EXERCISE DESCRIPTION – Leaving pictures aside, set down each line exactly, from the first line of the data to the line with "Skin Gym Sculpt", both included.

Extracted data entries –
-- -- --
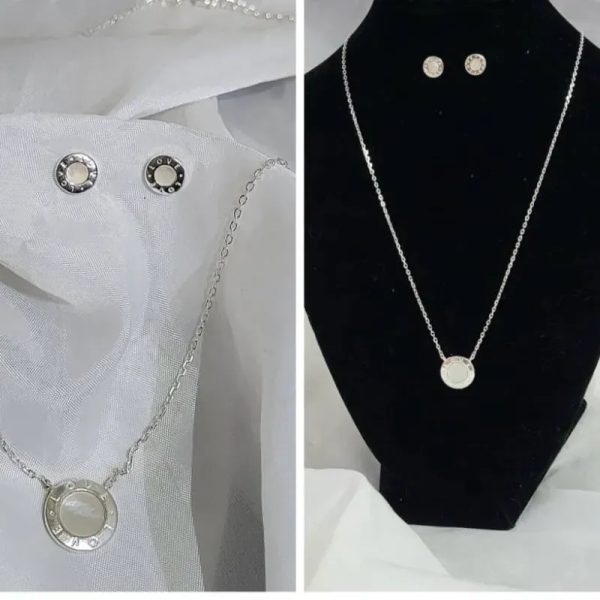Set Nácar y Plata 925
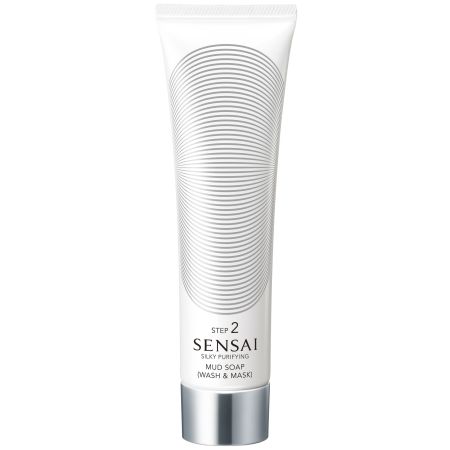 Sensai Silky Purifying Mud Soap (Wash & Mask) Step 2 Jabón limpiador espumoso o mascarilla facial argilosa 125 ml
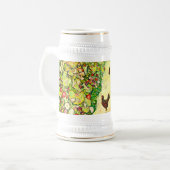 Gustav Klimt Garten mit Hühnern Bierglas (Vorderseite Links)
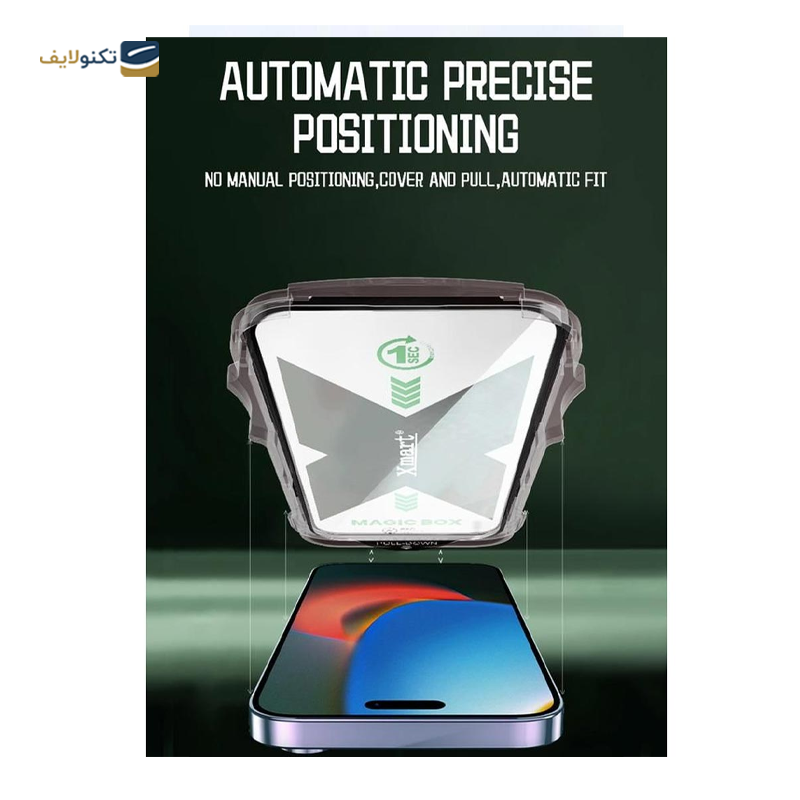 gallery-گلس گوشی اپل iPhone 13 ایکس مارت مدل Magic Glass Box به همراه کیت نصب copy.png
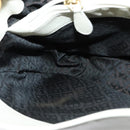 BALLY Shoulder Bag Leather White Gold Auth 138249-20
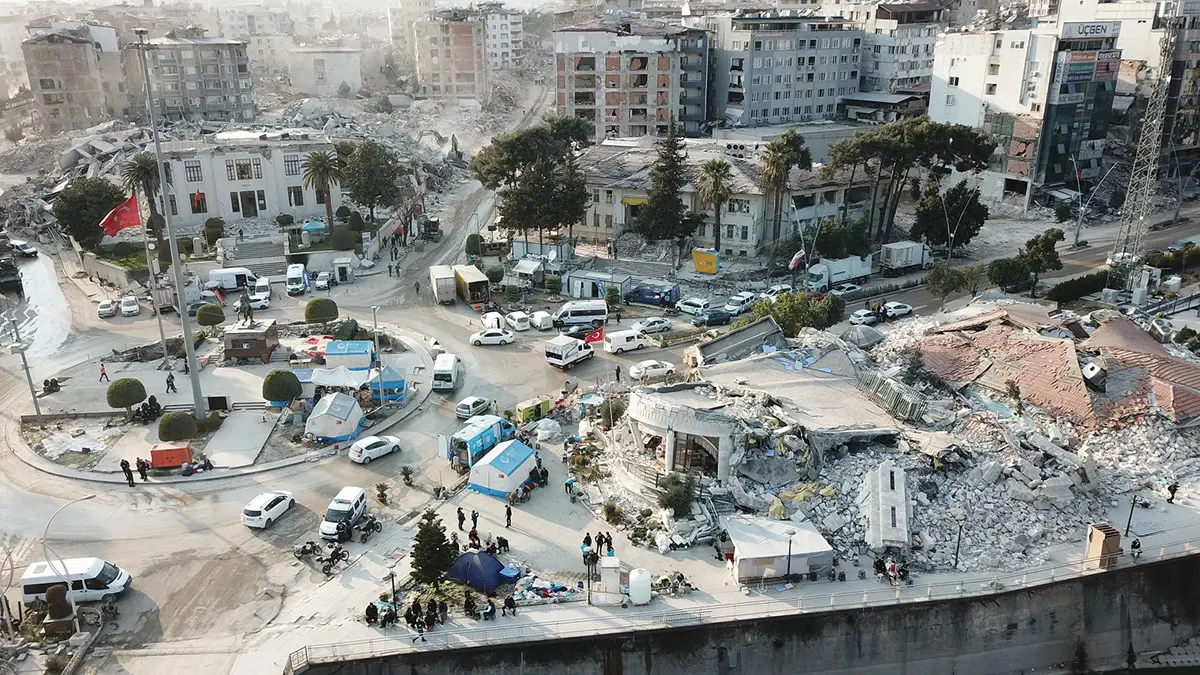 Antakya'daki son durum havadan görüntülendi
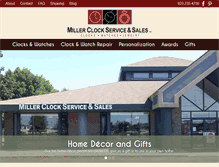 Tablet Screenshot of millerclockservices.com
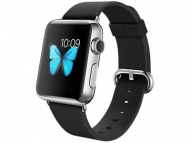Apple Watch 38mm Stainless Steel Case with Black Classic Buckle MJ312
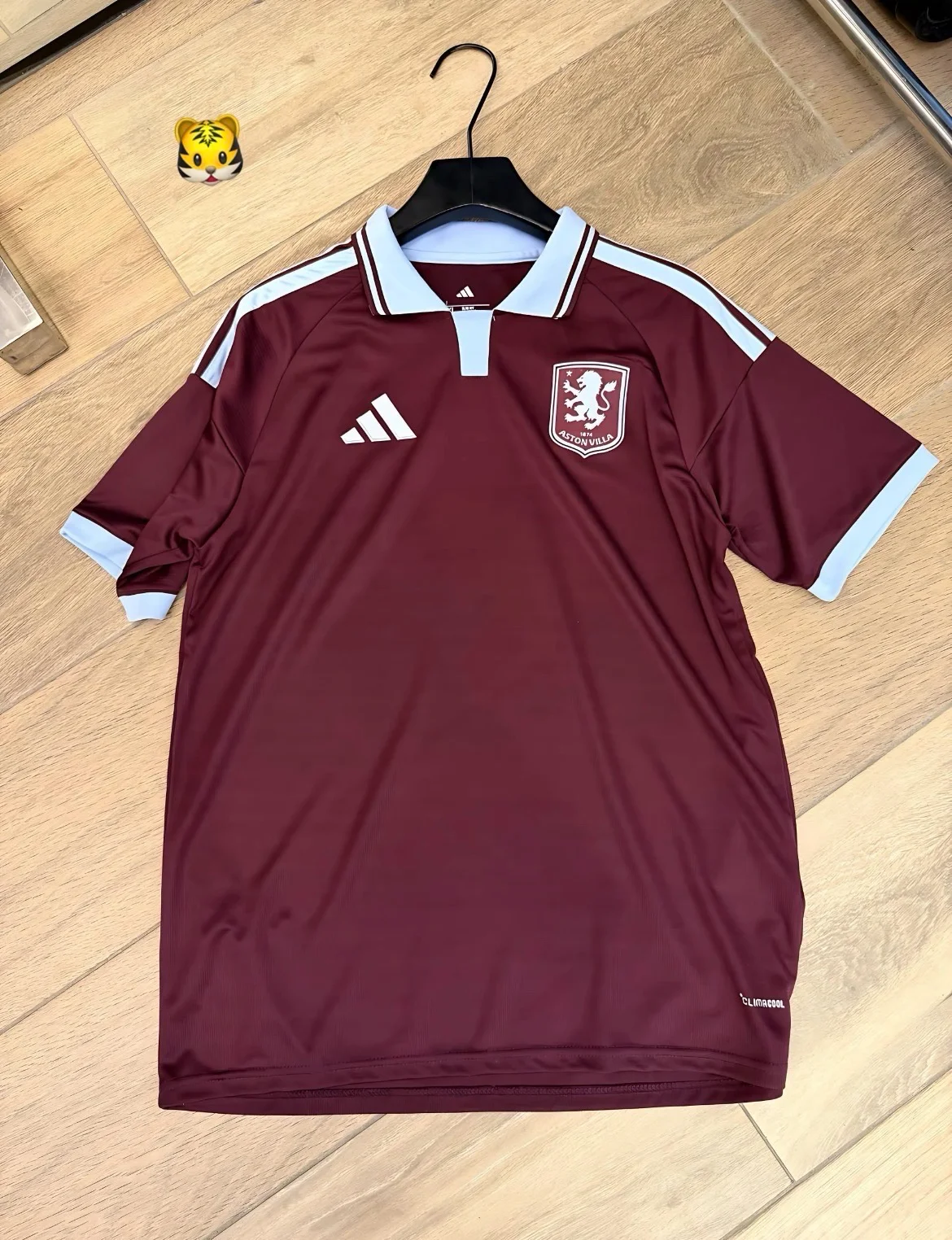 Aston Villa home Football Jersey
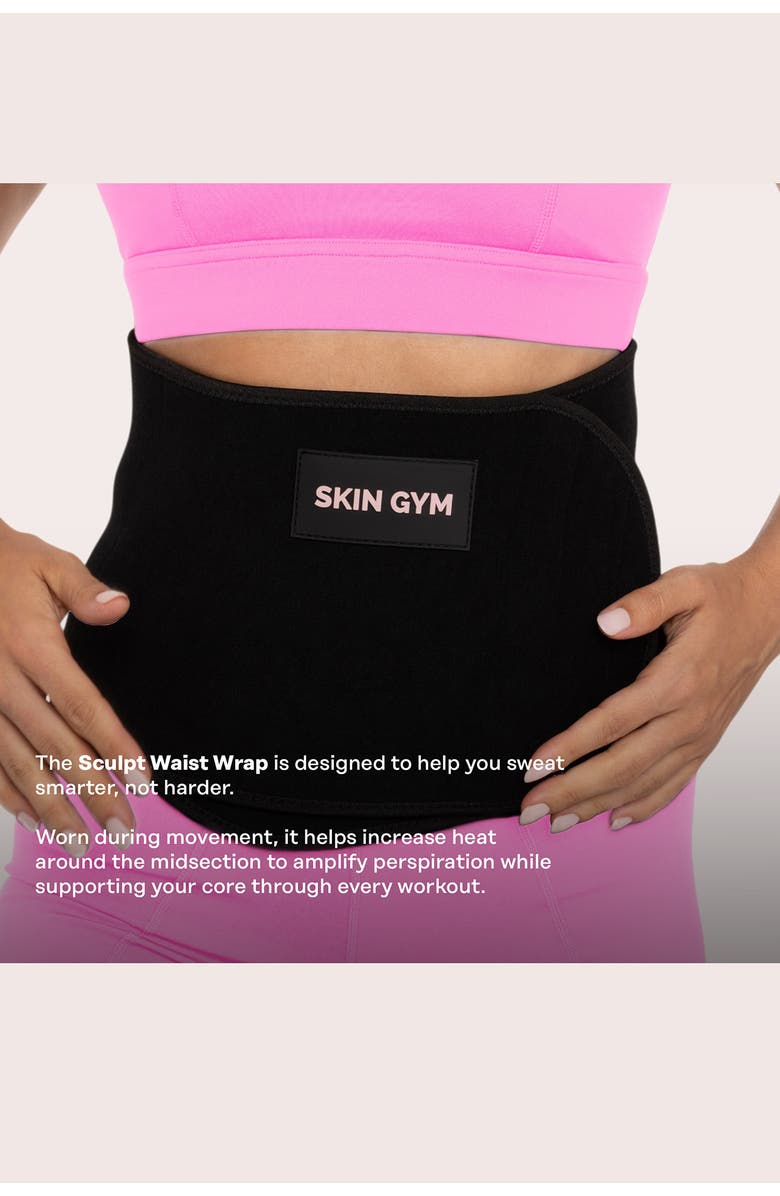 Skin Gym Sculpt Waist Wrap, Alternate, color, Black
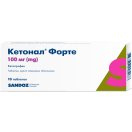 Кетонал форте 100 мг таблетки №10  foto 1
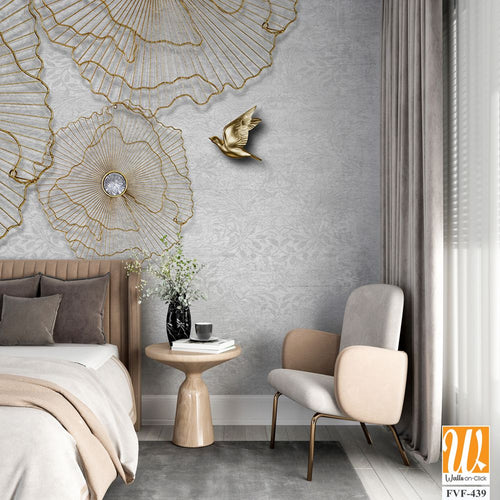 3D art depicting elegant delicate flowers [WP-FVF-439]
-- -- --
OUTPUT OF THE TASK –
Set Nácar y Plata 925
 Sensai Silky Purifying Mud Soap (Wash & Mask) Step 2 Jabón limpiador espumoso o mascarilla facial argilosa 125 ml
 Gustav Klimt Garten mit Hühnern Bierglas (Vorderseite Links)
 gallery-گلس گوشی اپل iPhone 13 ایکس مارت مدل Magic Glass Box به همراه کیت نصب copy.png
 BALLY Shoulder Bag Leather White Gold Auth 138249-20
 Antakya'daki son durum havadan görüntülendi
 Tablet Screenshot of millerclockservices.com
Apple Watch 38mm Stainless Steel Case with Black Classic Buckle MJ312
 Aston Villa home Football Jersey
 Skin Gym Sculpt Waist Wrap, Alternate, color, Black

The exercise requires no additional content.